I was just yelling back how the diver was not alone when the tool hose separated at a Chicago fitting—the retaining lanyard was installed improperly and the hose whipped up and hits the tender in the face. She is bleeding. All of the tool hose piled up on the diver and he told me he could barely move.

The carbon monoxide monitor starts beeping because the tool compressor is over-revving and the tidal current, which is getting stronger, is causing the barge to swing.

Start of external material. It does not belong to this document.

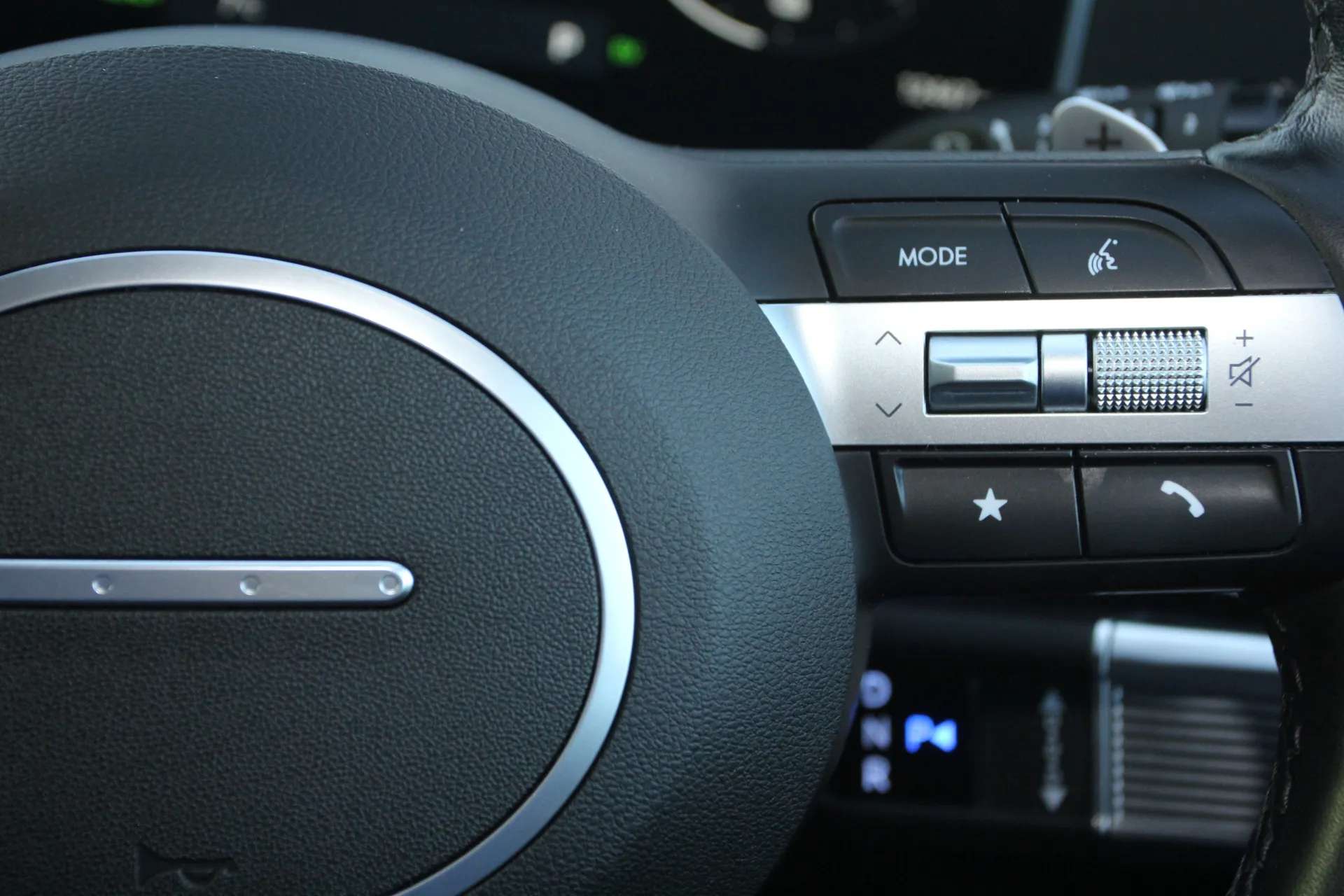 2024 HYUNDAI TUCSON 2024 HYUNDAI TUCSON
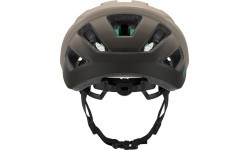 Šalmas LAZER Cerro KC CE-CPSC M (55-59cm) (smėlio)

First, we have to switch to secondary gas and tell the diver to take a vent and that you are leaving the radio. Check on the tender, who has a large cut above her eye that is bleeding badly. Call up to the lady and ask if she could give us a hand. Now, we are a three-plus one dive team.

Three people on a dive crew are never enough. There must be four people who are qualified on the jobsite. Obviously, the lady who was watching us all week has dubious credentials to do the job she suddenly has had thrust upon her.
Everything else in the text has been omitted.